[Git][ghc/ghc][wip/T17917] 3 commits: Avoid useless w/w split
Simon Peyton Jones
gitlab at gitlab.haskell.org
Fri Mar 20 10:47:10 UTC 2020
Simon Peyton Jones pushed to branch wip/T17917 at Glasgow Haskell Compiler / GHC
Commits:
6eab61f6 by Simon Peyton Jones at 2020-03-19T14:28:42Z
Avoid useless w/w split
This patch is just a tidy-up for the post-strictness-analysis
worker wrapper split. Consider
f x = x
Strictnesss analysis does not lead to a w/w split, so the
obvious thing is to leave it 100% alone. But actually, because
the RHS is small, we ended up adding a StableUnfolding for it.
There is some reason to do this if we choose /not/ do to w/w
on the grounds that the function is small. See
Note [Don't w/w inline small non-loop-breaker things]
But there is no reason if we would not have done w/w anyway.
This patch just moves the conditional to later. Easy.
This does move soem -ddump-simpl printouts around a bit.
I also discovered that the previous code was overwritten an
InlineCompulsory with InlineStable, which is utterly wrong. That in
turn meant that some default methods (marked InlineCompulsory)

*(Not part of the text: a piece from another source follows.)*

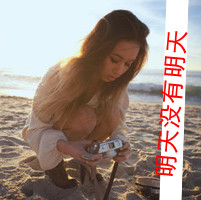 48张伤感带字女生QQ头像 主打一切都无所谓的氛围感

were getting their InlineCompulsory squashed. This patch fixes
that bug --- but of course that does mean a bit more inlining!
- - - - -
cf1c1167 by Simon Peyton Jones at 2020-03-20T10:43:19Z
Wibble to the worker/wrapper patch
Don't attempt to w/w record selectors. Rather ad-hoc but very simple
and effective.
See WorkWrap Note [No worker-wrapper for record selectors].
- - - - -
761e9570 by Simon Peyton Jones at 2020-03-20T10:45:06Z
DO NOT MERGE THIS PATCH
This is a temporary fix on the T17917 branch, to account for
This branch should be rebased once the patch for #17932 lands
(namely !2929), and this particular commit discarded
- - - - -
10 changed files:
- compiler/GHC/Core/Op/DmdAnal.hs
- compiler/GHC/Core/Op/WorkWrap.hs
- compiler/GHC/Core/Unfold.hs
- testsuite/tests/dependent/should_compile/dynamic-paper.stderr
- testsuite/tests/driver/inline-check.stderr
- testsuite/tests/numeric/should_compile/T14465.stdout
- testsuite/tests/perf/compiler/T16473.stdout
- testsuite/tests/simplCore/should_compile/T4201.stdout
- testsuite/tests/simplCore/should_compile/T5658b.stdout
- testsuite/tests/warnings/should_compile/T16282/T16282.stderr
Changes:
=====================================
compiler/GHC/Core/Op/DmdAnal.hs
=====================================
@@ -623,10 +623,11 @@ dmdAnalRhsLetDown rec_flag env let_dmd id rhs
-- For example, a call of the form @mkRhsDmd _ 2 (\x y -> (x, y))@ returns a
-- clean usage demand of @C1(C1(U(U,U)))@.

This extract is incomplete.